Family solicitor Peter Williams said Hope's parents Jonathan and Janette, who live in Aberdare, were too upset to speak after the hearing had concluded.

Mother A's second child - referred to as Baby A2 - survived and was discharged from hospital on December 29 2011.

ABMU health board said it wanted to offer its condolences again to the affected families.

A spokeswoman said: "Since this tragic event in November 2011, the neo-natal unit at Singleton Hospital has undergone a £3.2 million refurbishment to provide a very high quality environment for these precious babies - the most up-to-date in Wales.

"All clinical areas have been enlarged and completely modernised with new fixtures and fittings and equipment.

"The floor area for the intensive care cots, high dependency cots, and special care baby cots have all increased in size, quadrupling the space around every baby.

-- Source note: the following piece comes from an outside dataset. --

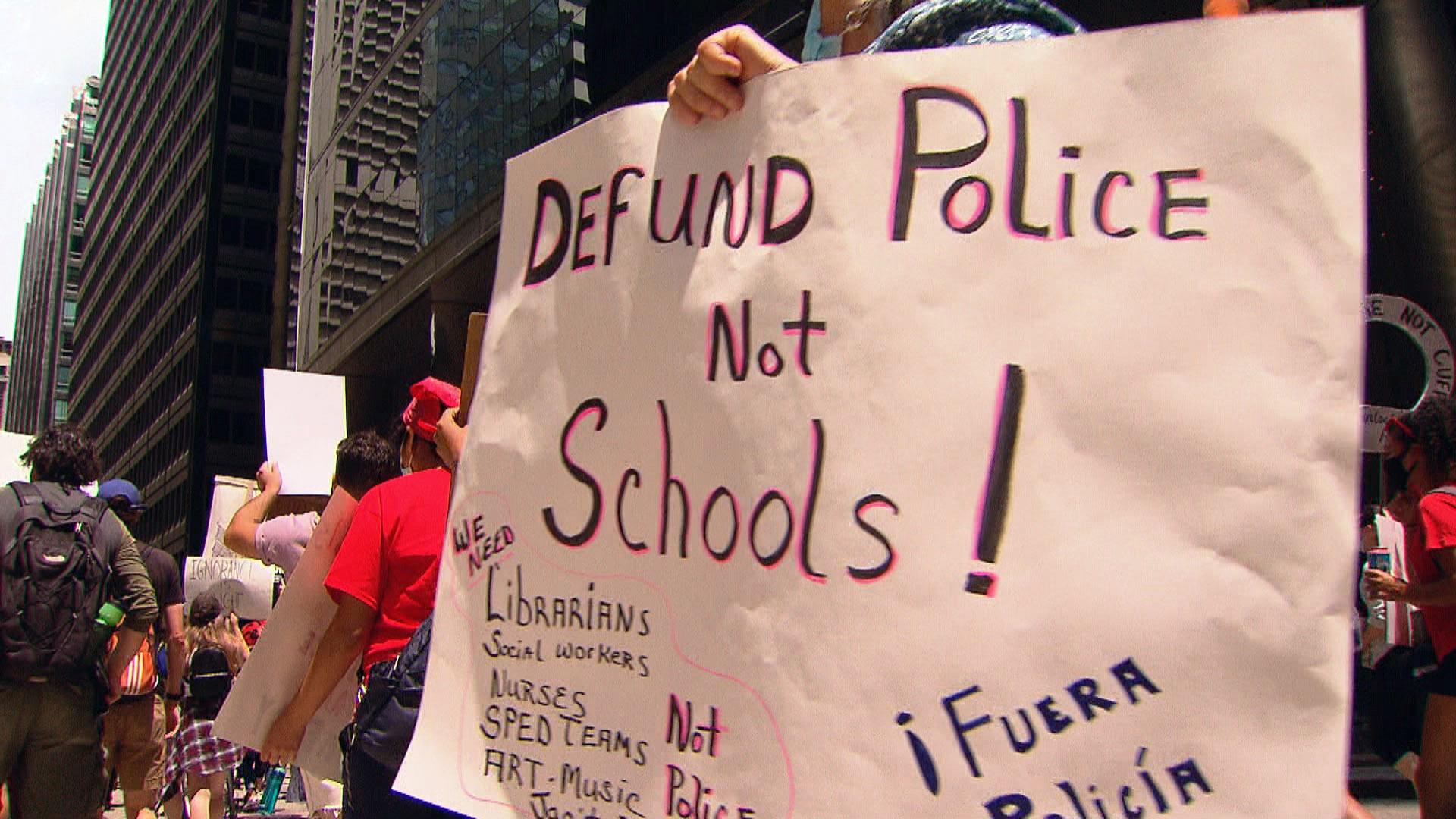 Cps Issues New Guidance As Local Councils Vote On Cops In Schools Chicago News Wttw Cps Issues New Guidance As Local Councils Vote On Cops In Schools Chicago News Wttw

"A special isolation room has also been created for babies to greatly reduce the risk of cross-infection, and also protect those very vulnerable babies whose immune systems aren't as strong as others.

"Infection control audits also show a consistently excellent rate of compliance at the unit, and staff are committed to providing excellent, safe care for the babies in their care."

The health board said the new unit was also equipped with a 386,000 new heart rate monitor called "HeRO" which gave doctors earlier warnings of when a baby's condition was worsening.

"It is anticipated that HeRO will save an additional 20 babies' lives over the next 10 years, and reduce the number of sepsis episodes by over 60, avoiding long term damage to many babies and helping them to grow up as healthy as possible," the spokeswoman added.